Work instruction ▸ Omit all pictures. Copy exactly the lines from the line containing "2019 BMW X1 xDrive28i 3" to the end of the listing, with both ends included.

Records for processing ▸
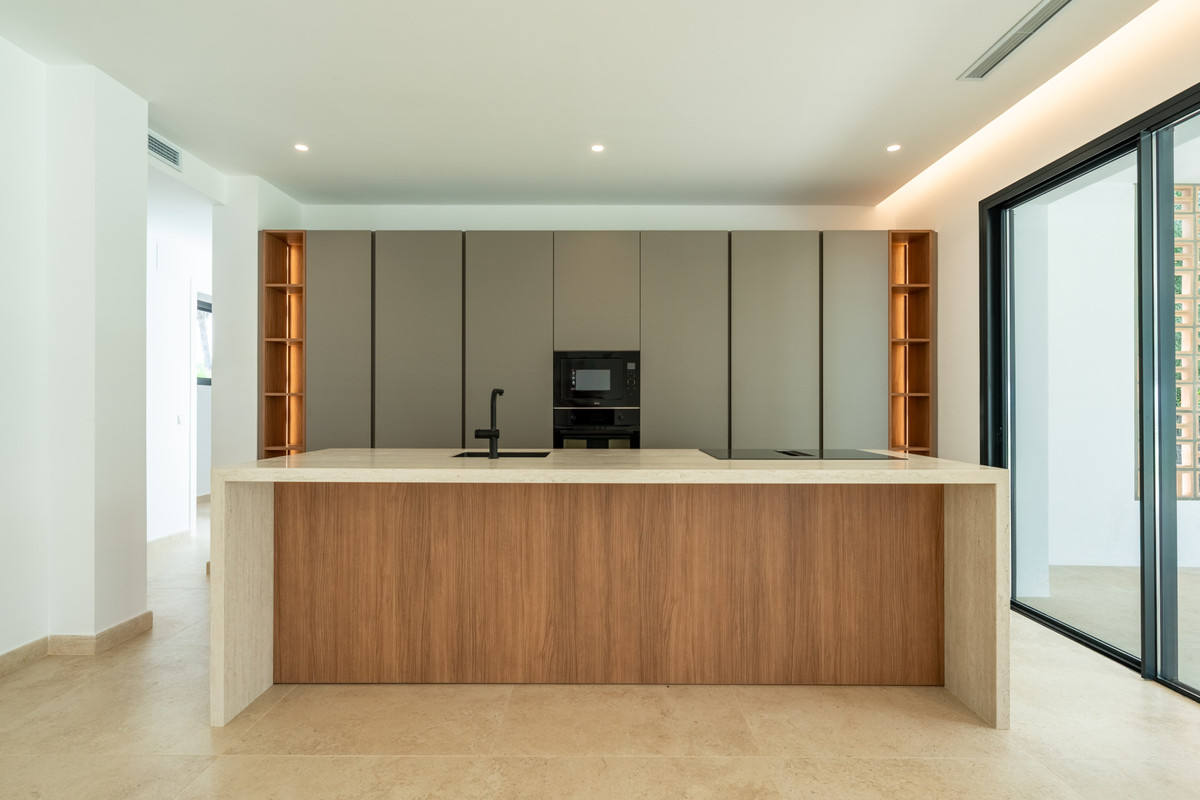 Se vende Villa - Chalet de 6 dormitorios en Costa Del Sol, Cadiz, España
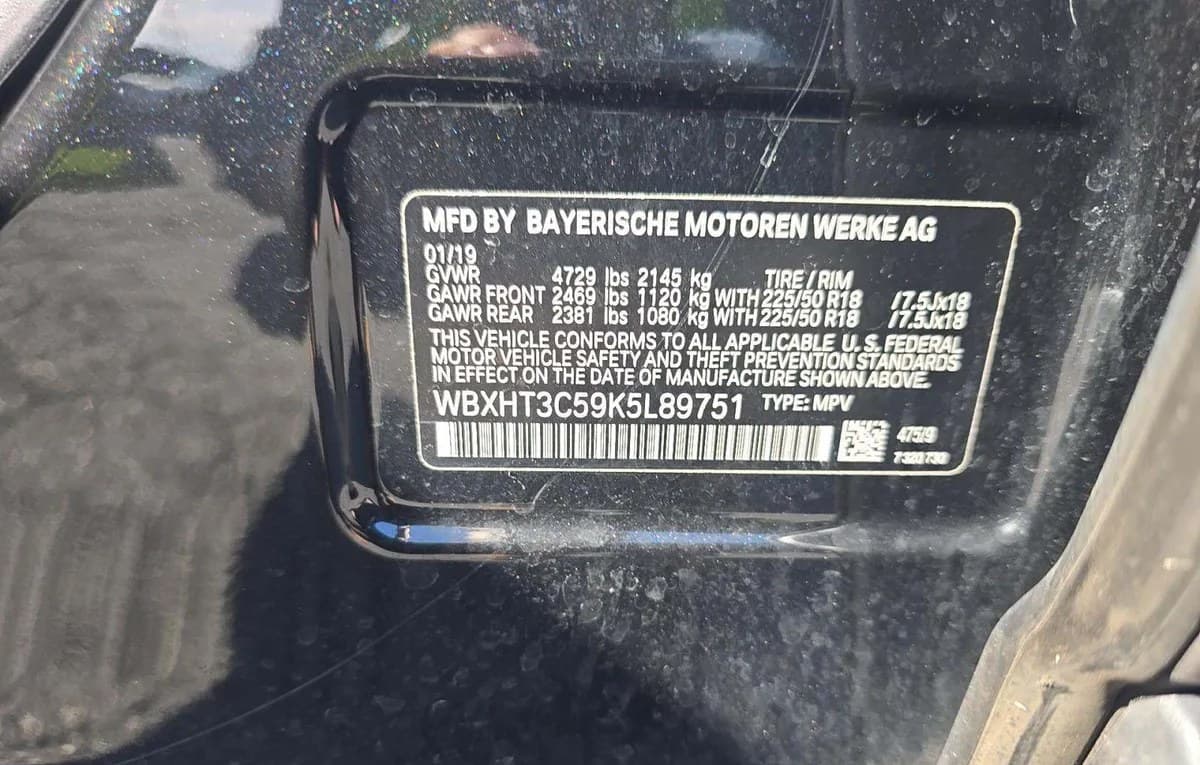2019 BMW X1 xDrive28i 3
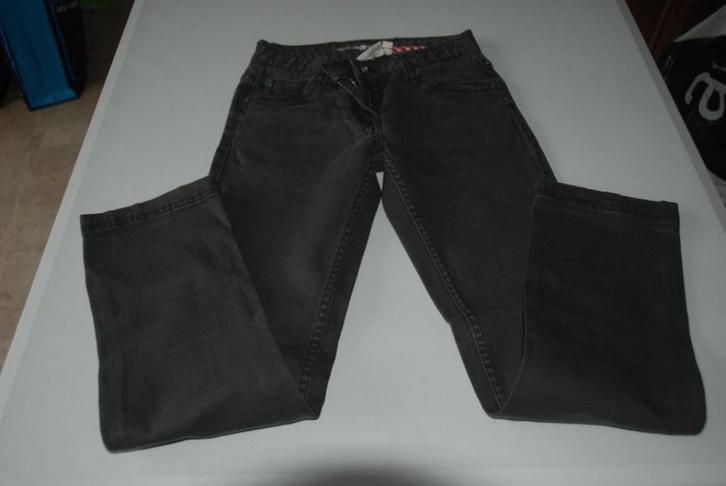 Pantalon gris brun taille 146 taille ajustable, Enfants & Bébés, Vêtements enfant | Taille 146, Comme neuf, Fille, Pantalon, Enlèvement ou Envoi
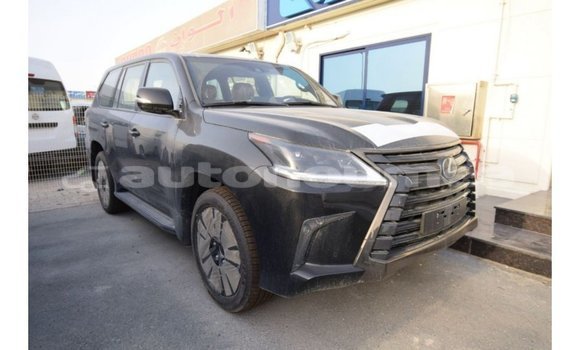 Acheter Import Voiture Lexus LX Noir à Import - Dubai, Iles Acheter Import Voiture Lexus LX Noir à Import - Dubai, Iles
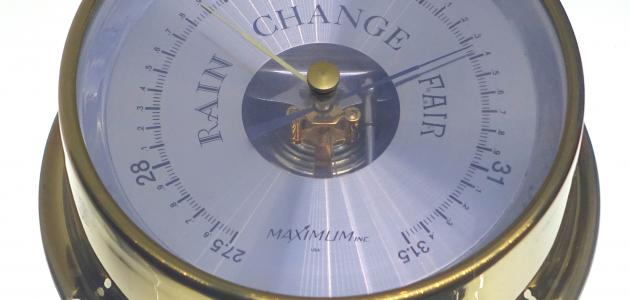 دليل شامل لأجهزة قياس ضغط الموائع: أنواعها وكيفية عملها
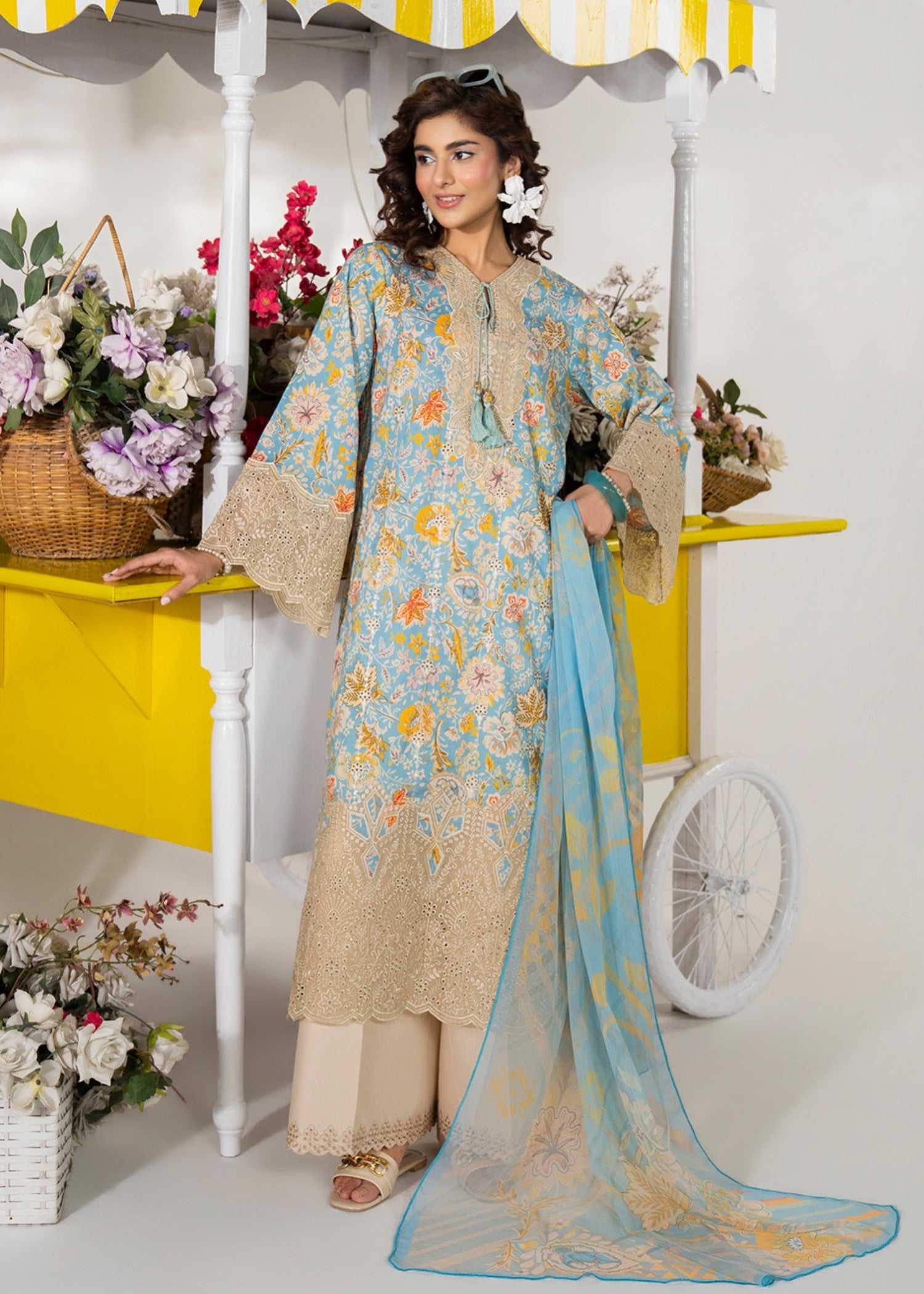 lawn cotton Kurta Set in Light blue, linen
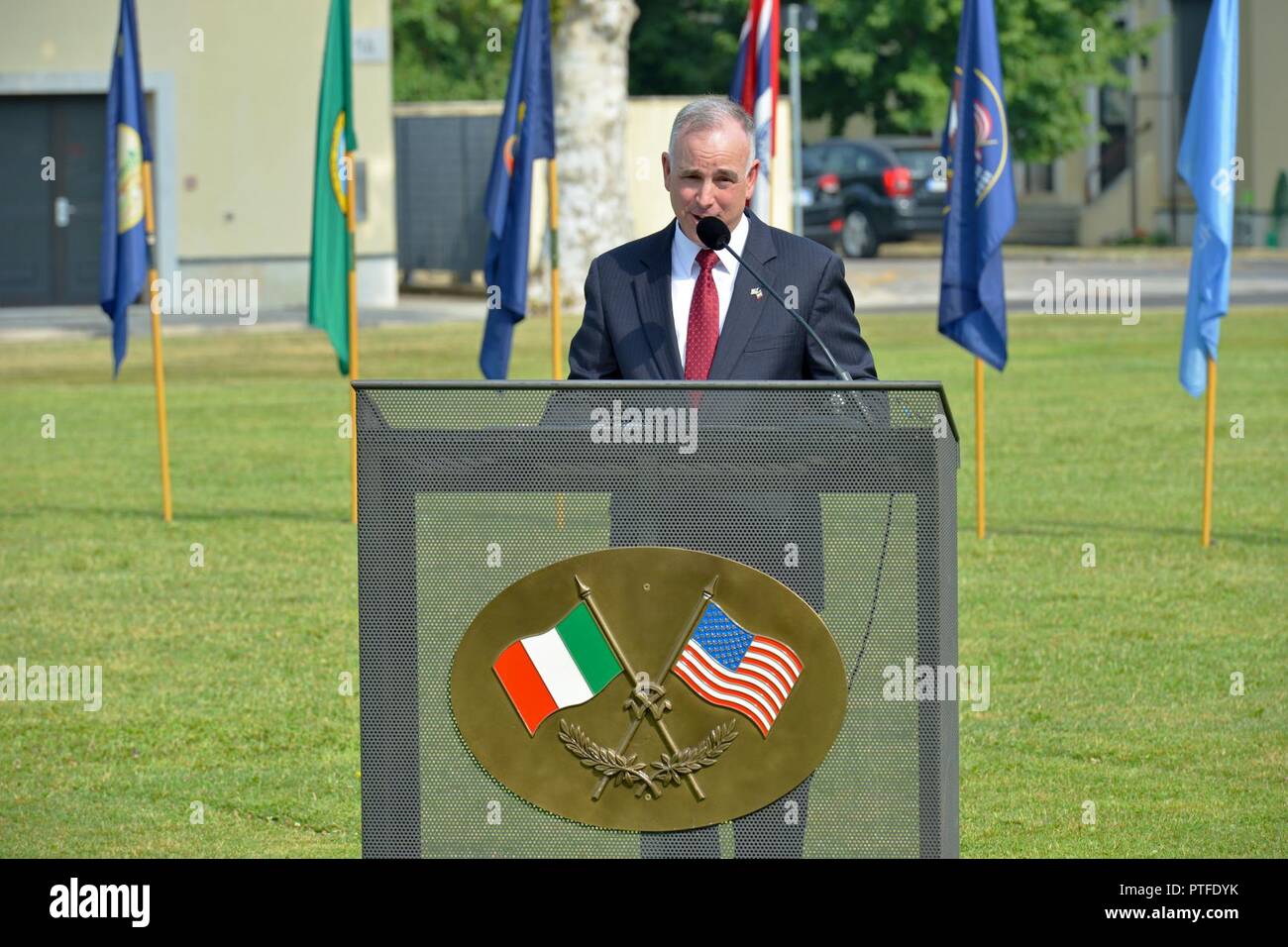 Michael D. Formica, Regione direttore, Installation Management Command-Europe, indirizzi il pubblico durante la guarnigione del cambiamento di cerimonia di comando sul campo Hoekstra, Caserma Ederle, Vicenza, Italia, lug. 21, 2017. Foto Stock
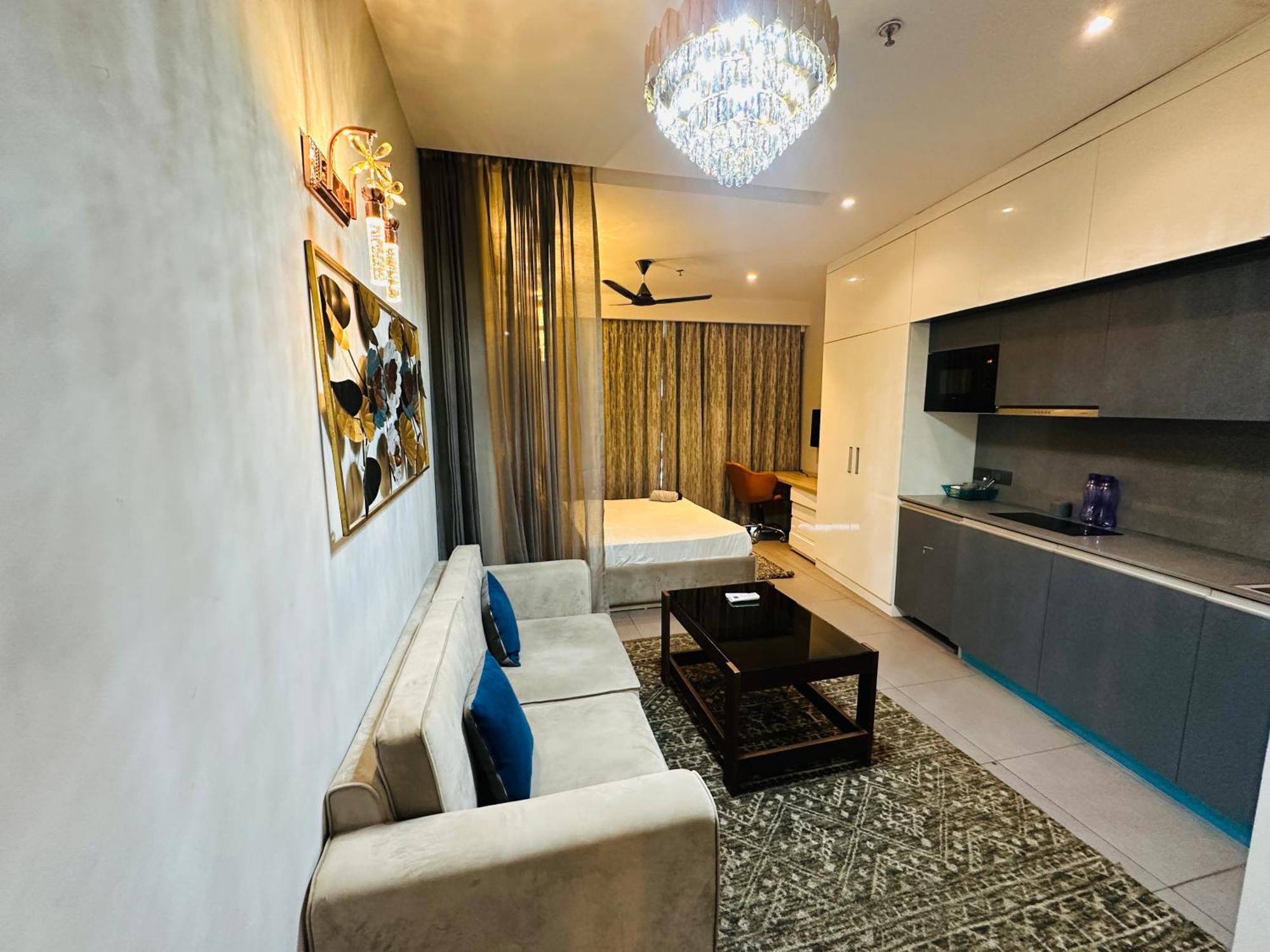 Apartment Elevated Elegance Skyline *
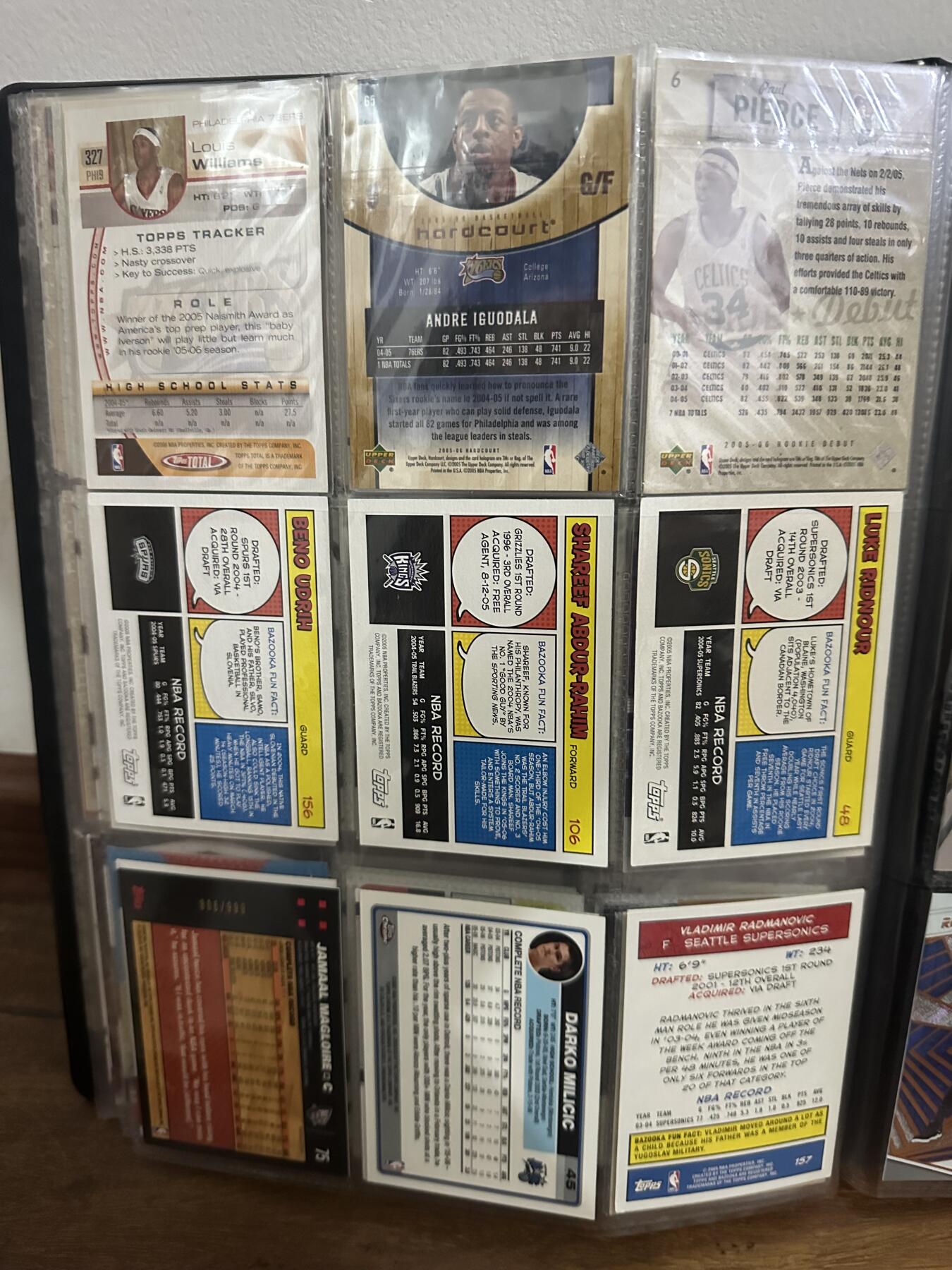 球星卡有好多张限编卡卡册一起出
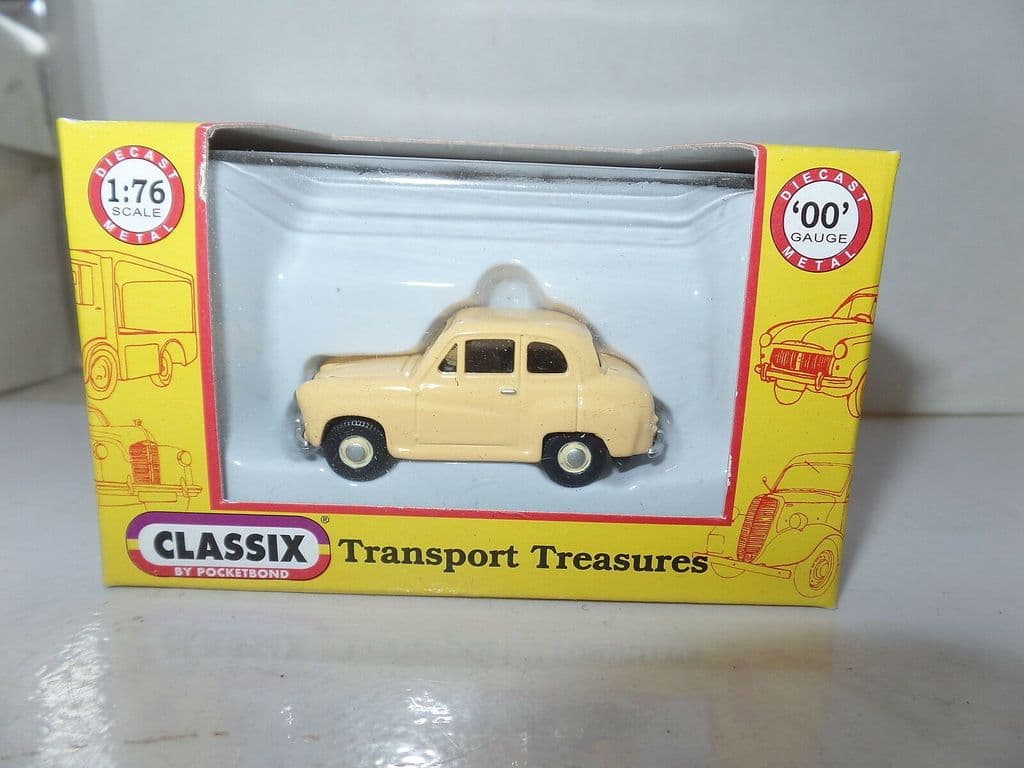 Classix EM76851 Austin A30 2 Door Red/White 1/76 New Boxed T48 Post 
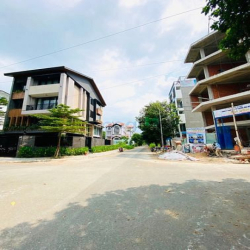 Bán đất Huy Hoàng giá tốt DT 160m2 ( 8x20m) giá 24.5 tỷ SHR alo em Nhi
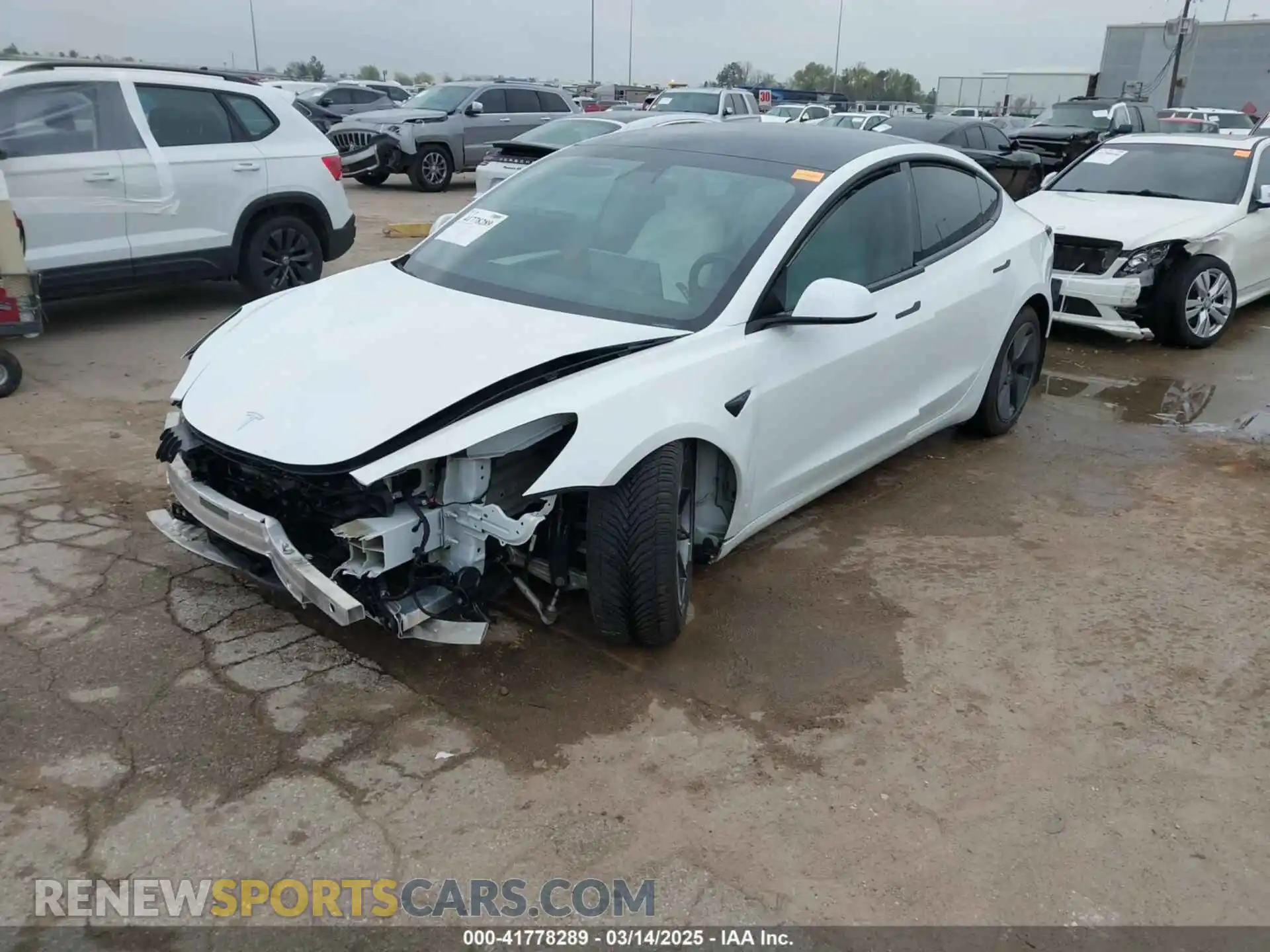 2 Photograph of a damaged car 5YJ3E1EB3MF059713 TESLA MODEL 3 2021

Solution for this problem ▸
2019 BMW X1 xDrive28i 3
 Pantalon gris brun taille 146 taille ajustable, Enfants & Bébés, Vêtements enfant | Taille 146, Comme neuf, Fille, Pantalon, Enlèvement ou Envoi
 Acheter Import Voiture Lexus LX Noir à Import - Dubai, Iles Acheter Import Voiture Lexus LX Noir à Import - Dubai, Iles
 دليل شامل لأجهزة قياس ضغط الموائع: أنواعها وكيفية عملها
 lawn cotton Kurta Set in Light blue, linen
 Michael D. Formica, Regione direttore, Installation Management Command-Europe, indirizzi il pubblico durante la guarnigione del cambiamento di cerimonia di comando sul campo Hoekstra, Caserma Ederle, Vicenza, Italia, lug. 21, 2017. Foto Stock
 Apartment Elevated Elegance Skyline *
 球星卡有好多张限编卡卡册一起出
 Classix EM76851 Austin A30 2 Door Red/White 1/76 New Boxed T48 Post 
 Bán đất Huy Hoàng giá tốt DT 160m2 ( 8x20m) giá 24.5 tỷ SHR alo em Nhi
 2 Photograph of a damaged car 5YJ3E1EB3MF059713 TESLA MODEL 3 2021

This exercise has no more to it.